Currently standing trial on corruption charges, Mr. Netanyahu says that he will not use his authority to upend that process. But some of his coalition partners have said they will push to legalize one of the crimes he is accused of committing, or even to end the trial entirely.

His election ensures that Israel, after five elections in less than four years, will have a cohesive government with a steady majority for the first time since 2019, allowing lawmakers to set a budget and fill key Civil Service positions without difficulty.

After the last votes were counted on Thursday night, Mr.
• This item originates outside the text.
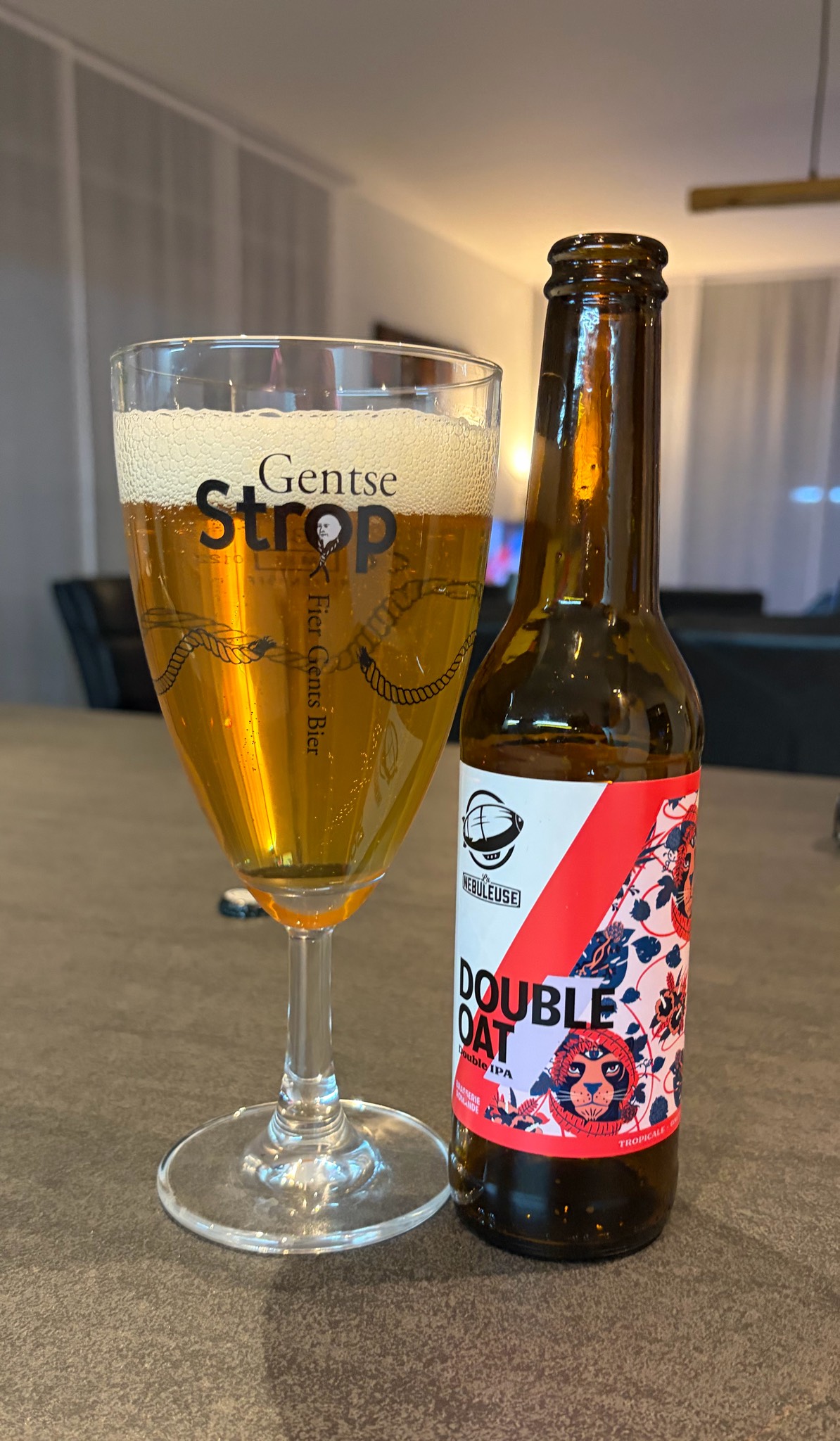 Double Oat, Switzerland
Netanyahu’s alliance had won 64 seats, giving him a clear majority in the 120-seat Parliament. Mr. Lapid’s alliance won only 51 seats, amid a near wipeout for the Israeli left. Meretz, a leftist party that has long been a mainstay of the Israeli peace movement, failed to meet the threshold for winning any seats.

Mr. Netanyahu may not formally return to power until the second half of November. State protocols mean that the Israeli president, Isaac Herzog, has until Nov. 16 to invite Mr. Netanyahu to assemble a government, and Mr. Netanyahu’s own coalition negotiations might take even longer.

While the coalition led by Mr. Netanyahu would provide a stable government, it could nevertheless unsettle Israel’s constitutional framework and tear at its social fabric.

The far right’s strong showing was linked to fears among right-wing Jews about perceived threats to Israel’s Jewish identity and to their personal safety. A wave of interethnic riots in May 2021 unsettled their sense of security, a feeling that was compounded months later by the inclusion — for the first time in Israeli history — of an independent Arab party as a small part of a coalition government.

Those dual concerns drove some right-wing Israelis to more extreme parties in the most recent election. That has given a platform, mandate and potentially ministerial office to a far-right leader, Itamar Ben-Gvir, who seeks to deport “anyone who works against the State of Israel” and to give soldiers more freedom to shoot Palestinians.

Israel’s centrists and leftists fear these calls mask far more frightening goals. Many in Israel’s Palestinian minority, which forms about a fifth of Israel’s population of 9 million, fear the right-wing stances are code for the expulsion of large numbers of Palestinians.

“These are difficult days,” said Aida Touma-Suleiman, a Palestinian lawmaker in the Israeli Parliament. “This isn’t the ordinary, classic right that we know. This is a change — in which a racist, violent right wing threatens to turn into fascism.”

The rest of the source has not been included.